* [What you have to do]: Pictures left aside, return the lines below exactly, from the one with "Kovancılarspor sezonun ilk" to the end, including both ends.

* [Records for the exercise]:
^^^^^^^^^^^^^^^^

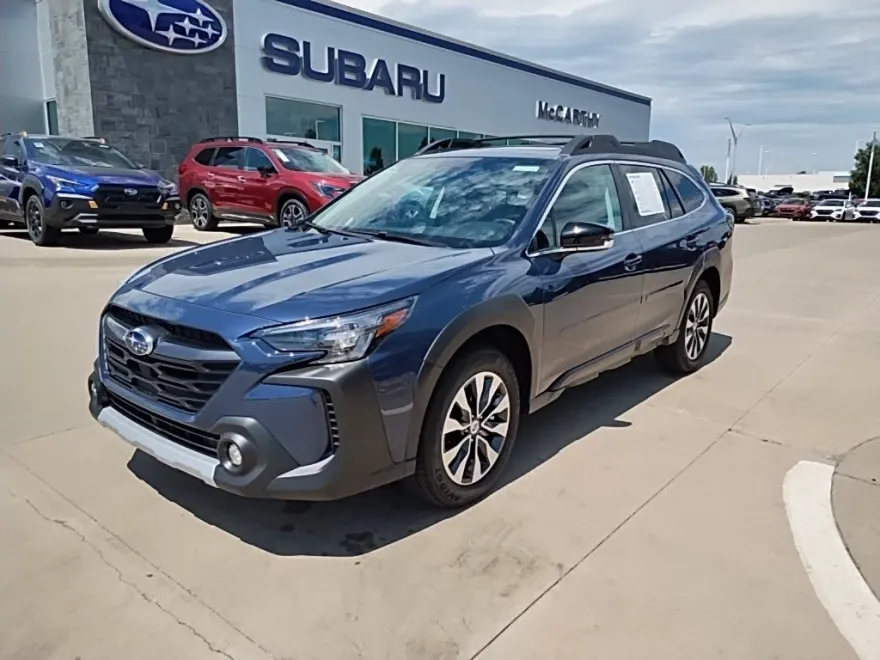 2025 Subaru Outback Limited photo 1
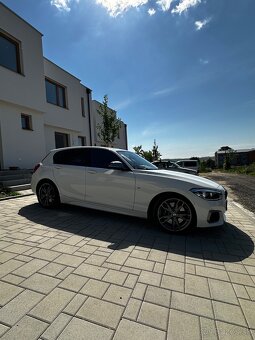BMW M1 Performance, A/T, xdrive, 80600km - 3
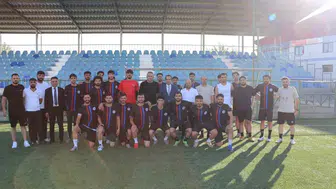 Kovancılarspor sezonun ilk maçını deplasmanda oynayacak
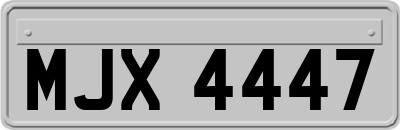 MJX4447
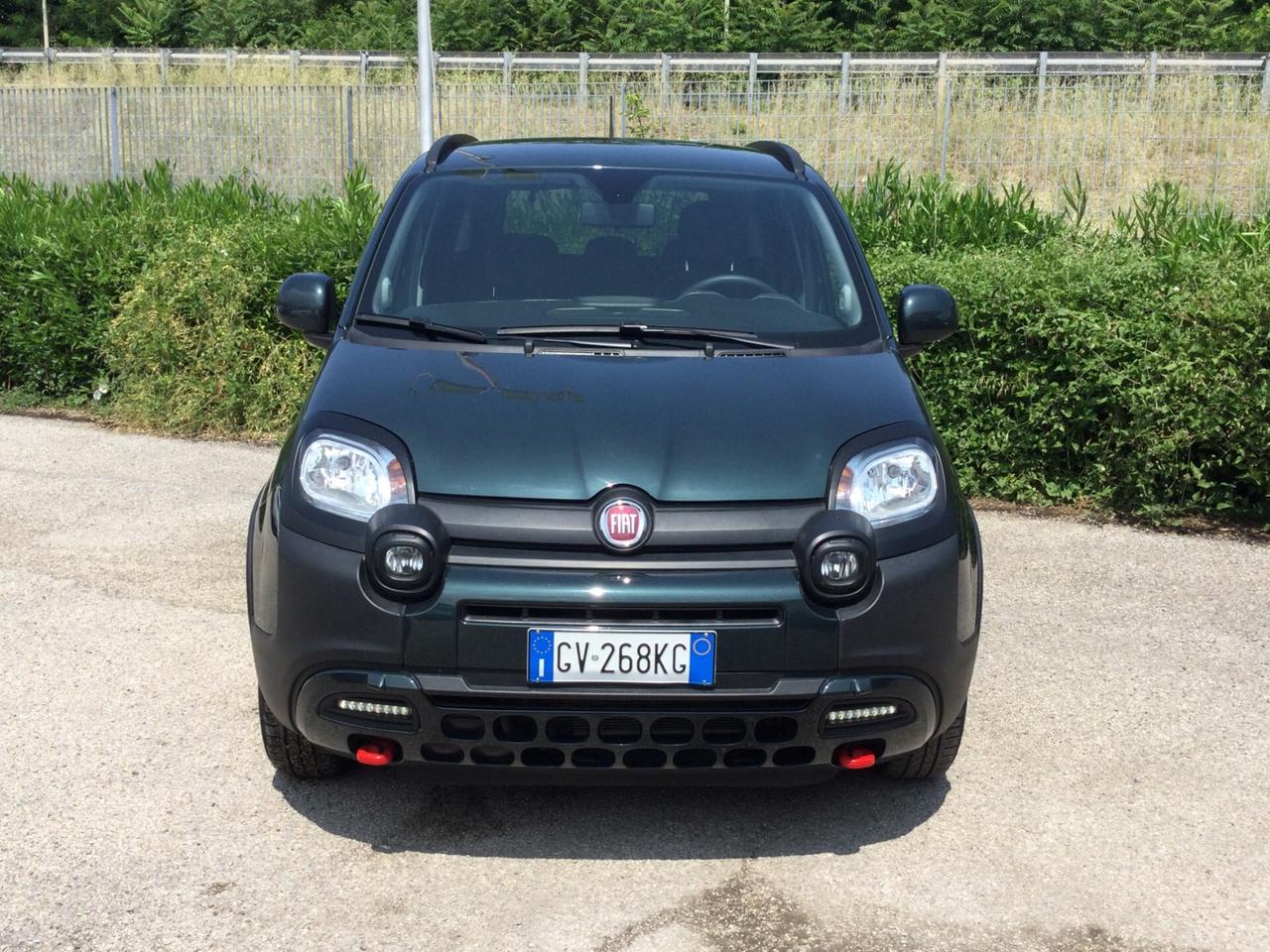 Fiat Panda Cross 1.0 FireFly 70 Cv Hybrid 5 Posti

^^^^^^^^^^^^^^^^

* [Response for this exercise]:
 Kovancılarspor sezonun ilk maçını deplasmanda oynayacak
 MJX4447
 Fiat Panda Cross 1.0 FireFly 70 Cv Hybrid 5 Posti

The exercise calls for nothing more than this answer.